17 min read · Chapter 12 of 13

XII. A NEW EARTH WHEREIN DWELLETH

RIGHTEOUSNESS.

Nevertheless we, according to his promise, look for... a new earth, wherein dwelleth righteousness (2 Peter 3:13).

Thy kingdom come. Thy will be done in earth, as it is in heaven (Matthew 6:10). THE Christian Religion is a religion of hope; and we all know how fruitful for good a reasonable hope firmly held may be. What would our life be without hope? Who could live on through three score years and ten in utter hopelessness? Who could bear up under the troubles and trials, the sorrows and disasters of life if he had no hope of anything in heaven or earth?

Doubtless there are hopes which are false and spurious, hopes that will deceive us and fail us at the last, hopes that will encourage us in indolence, presumption, self-conceit, and lead us on to sorrow, mischief, and disaster. Nevertheless, any hope not positively sinful or wholly irrational is, perhaps, better for man than no hope at all; for, however poor and inadequate it may be, it will serve to keep him going until a worthier hope has taken possession of him. And we all know that the hope set before us in the Gospel is reasonable as well as adequate, worthy, holy, inspiring, ennobling, for it is founded on the conviction that God is the same yesterday, today, and for ever, and that His will must in the end be realised that all things serve God’s sovereign will and carry out His plans and purposes, which are plans and purposes of love to man, that the things which constitute the character of God are worthy of our love, trust, confidence that goodness is infinitely more powerful and enduring than evil, truth than lies, love than hate that the great Judge of all the earth will most certainly do right that truth, righteousness, love, mercy “ are principles to be carried out to the utmost extent, and to be trusted and followed in the direst extremity.”

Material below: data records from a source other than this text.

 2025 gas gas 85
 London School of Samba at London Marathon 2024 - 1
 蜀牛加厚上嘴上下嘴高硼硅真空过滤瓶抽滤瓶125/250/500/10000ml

True, the time has been when the hope of Christians was not in all respects similar to our own. ’ Why stand ye gazing up into heaven? This same Jesus, which is taken up from you into heaven, shall so come in like manner, as ye have seen him go into heaven.’ These words were remembered by the early Christians and interpreted in a certain way they were a source of comfort and strength and joy. The expectation that the ascended Christ would shortly return in glory and in power for the sudden and miraculous establishment of His kingdom this hope sustained the early Christians in the darkest days, and enabled them with earnestness and confidence to do the duty that lay to their hand. When the Master in whom they so thoroughly trusted was taken away from them, when the whole world was arrayed against a handful of men whom it hated, despised, persecuted, how could the first Christians have hopefully set about the work to which they had been called, if they had not been persuaded that Christ would speedily return arrayed in glorious majesty, if they had not been convinced that soon He would emerge from His celestial chamber resplendent in glory, and attended by countless myriads of His Father’s angels? When the early Christians were bitterly opposed and violently persecuted, when even their most faithful efforts seemed unavailing and failure stared them in the face, it did them good to think that the day was coming, yea, was near at hand, when in the most sudden and unexpected way, by some signal manifestation of the power of God, a glorious trans-formation would be effected and men would behold new heavens and a new earth wherein dwelleth righteousness. But in the meantime all things seemed to continue as they were from the beginning of the creation.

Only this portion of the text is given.